Hay un reino perdido entre los muertos. Lo sabemos.
Pero abrimos despacio sus tiernos dormitorios,
apartamos llorando la sal de sus cristales, bebemos
su luna arruinada y sus insectos, y caemos
entre dos luces que saben nuestra fuerza
abrazando una noche, un fuego inevitable que defiende
nuestra piedra, nuestro luto solitario para siempre.

Puedo llenar de nombres

Puedo llenar de nombres tu adorable penumbra,
romper la circular tristeza de tus muros
entre ramas, papeles, menudas cosas como polvo:
la ceniza de una hoguera familiar que recoge
el adiós de tanto muerto esparcido en los años.

Puedo decir: Dios, casa, sombra, mediodía.
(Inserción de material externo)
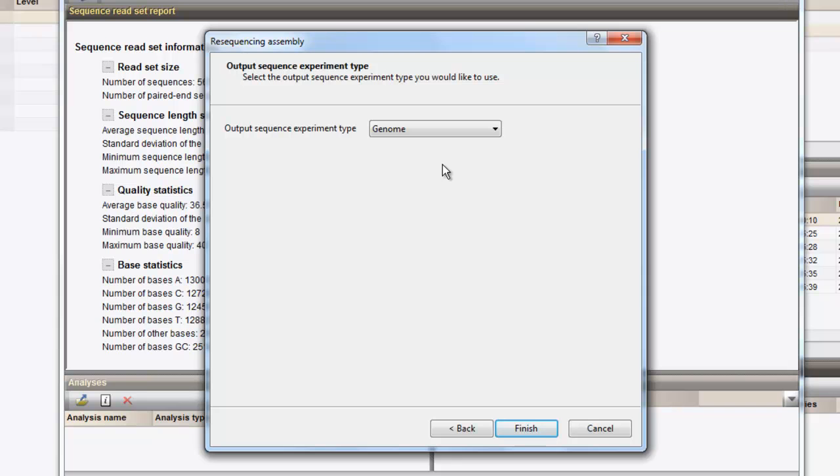When we later want to be able to perform a chromosome comparison of our reference genome against the resequenced genome or initiate a SNP analysis, both genomes should be present in the same sequence experiment type. For this reason, we already save it now under the same experiment name.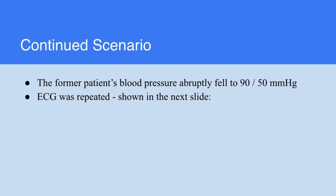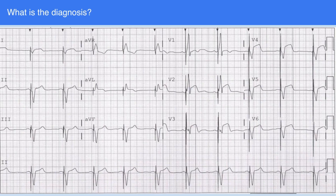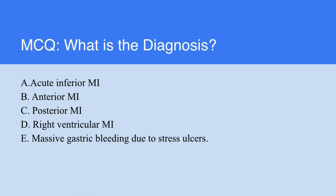Continuing this scenario: the former patient's blood pressure dropped suddenly to 90 over 50, the ECG was repeated and it is showing this. Looking carefully, there is ST elevation in leads V3 and V4 mostly, indicating right ventricular infarction. This is very commonly found in patients with inferior myocardial infarction. If they drop their blood pressure, you have to suspect and look at the right ventricular leads for right ventricular infarction. Those patients' hypotension is treated with normal saline.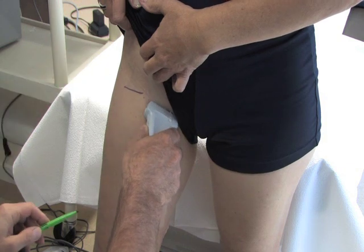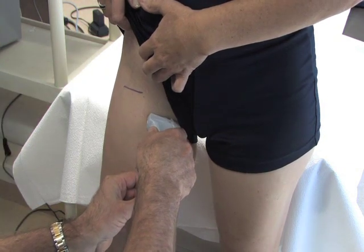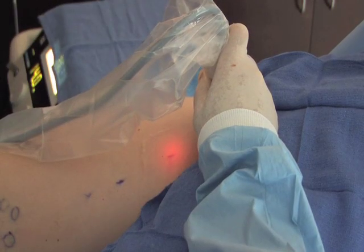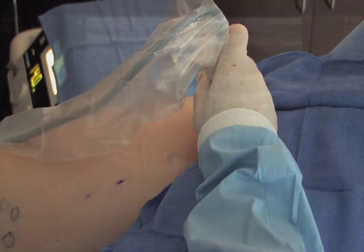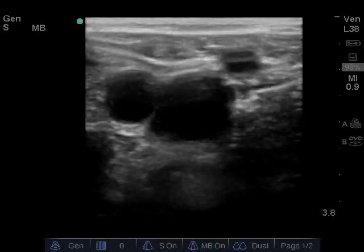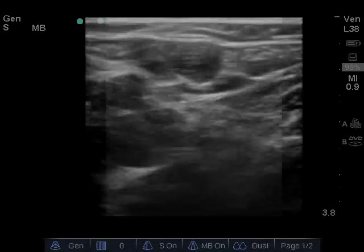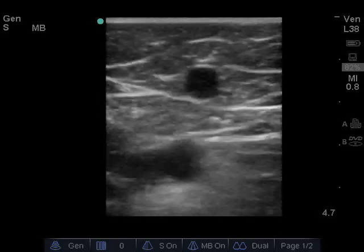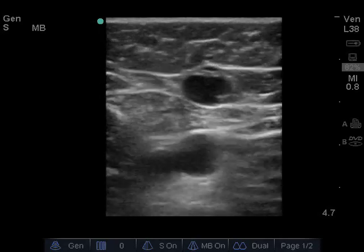Ultrasound is used both to assess patients' lower extremity superficial venous systems for valvular reflux and to guide endovenous laser therapy for varicose veins if reflux is identified. It is critical to ultrasonographically assess the entire length of the greater saphenous vein to prepare for the procedure and to identify potential barriers such as extreme tortuosity or discontinuity of the vein.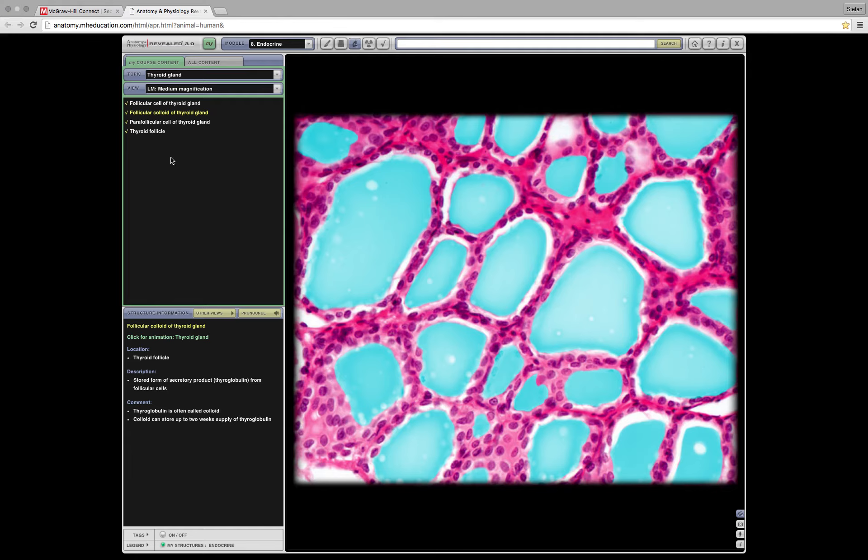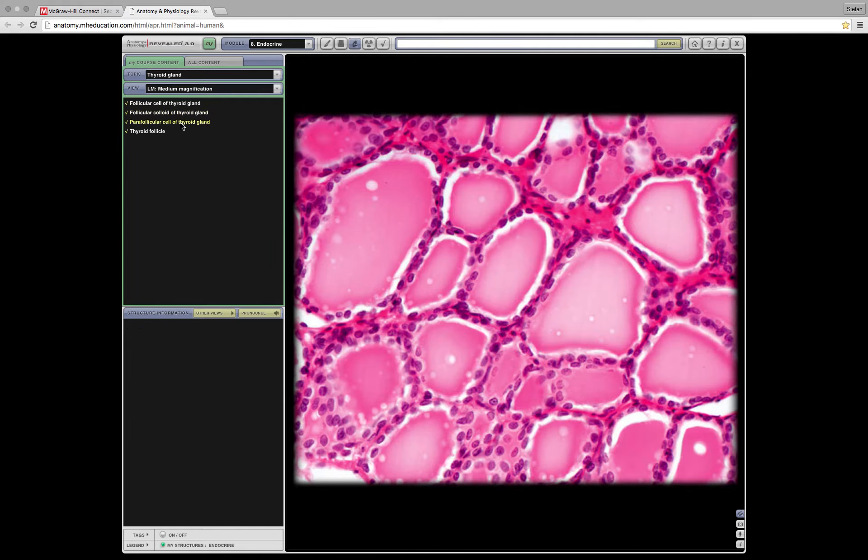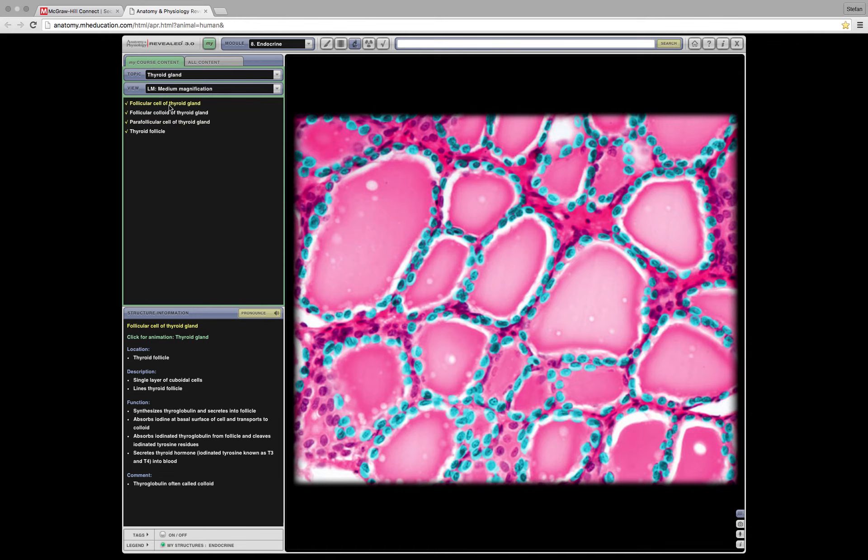And then the parafollicular cells. Those are the cells sort of interstitial in between the circles there. And just a quick refresher, the follicle cells, the cells that surround the perimeter, they secrete thyroid hormones, T3 and T4.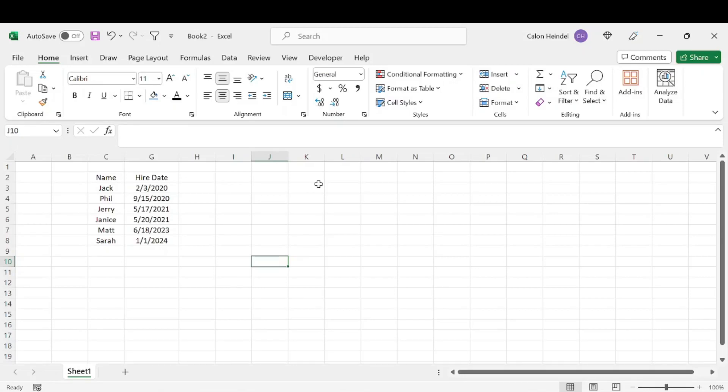All right, let's talk about how you can unhide cells. Now, there are a ton of reasons why you might hide cells and need to unhide them. We're just going to talk about the simplest ways to unhide them.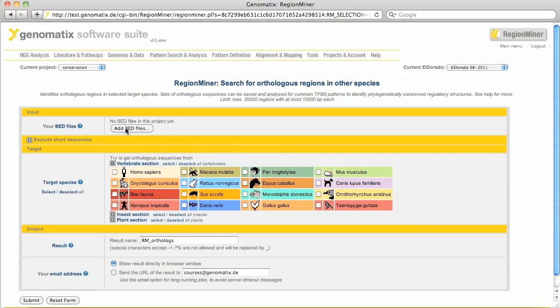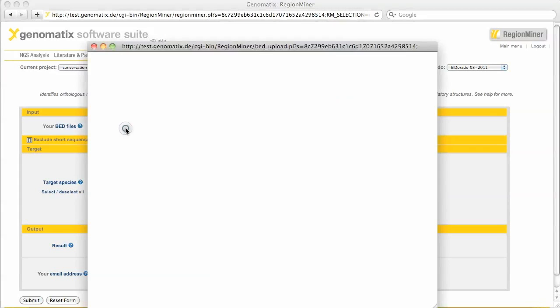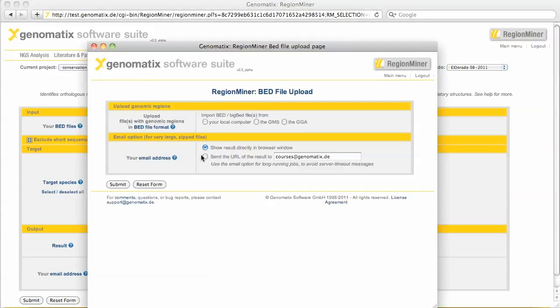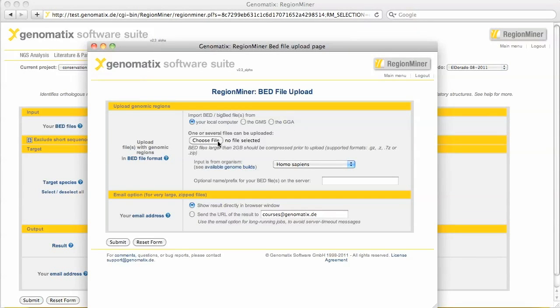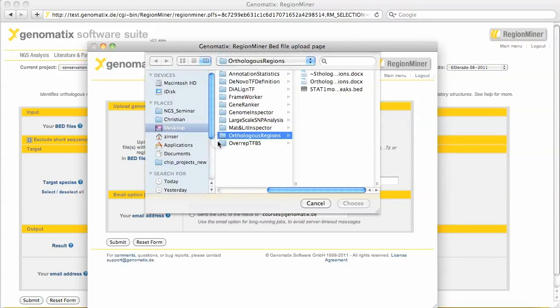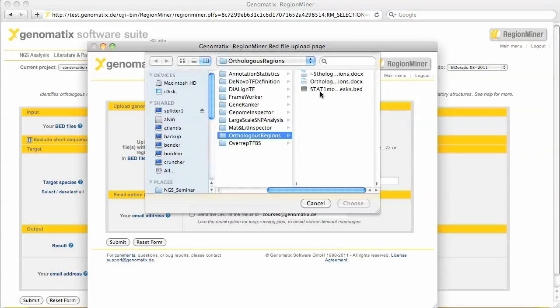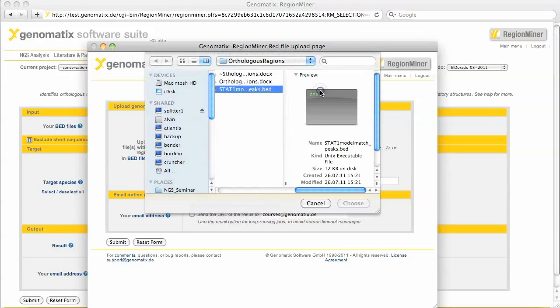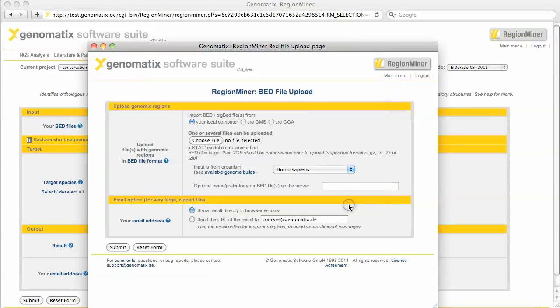As input we will use a BED file with the genomic positions of STAT1 binding regions in interferon gamma-stimulated HeLa cells. This is a subset of the original set of regions, which was selected based on the presence of a specific predominant pattern of STAT binding sites.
Gritar
en tu pared deshecha por tanta horrible lluvia.
Puedo herir tu corazón, la huella de tu escombro,
tu gris cabeza carcomida por el trémulo aviso
de unos hijos que adoran tu esqueleto sencillo.

Pero ¿qué ciego homenaje romperá entonces esa lava
que ha ido por el suelo tanto tiempo llamándote?
¿Quién descubrirá tus maderas deshechas al final del verano
por el fuego, los insectos suicidas, la desesperación
de unos seres heridos un día y otro por tu olvido?

Sur doliente, tierra viva: puedo mi cadáver pasar
por tus aguas. Beber tu cielo derramado en sollozos.
Escuchar el correr de tus lluvias mordidas por la luna.
Puedo apoyar mi espalda sobre tu muerte, y llorar,
llorar mi tristeza como un hombre, dios diario, fugitivo.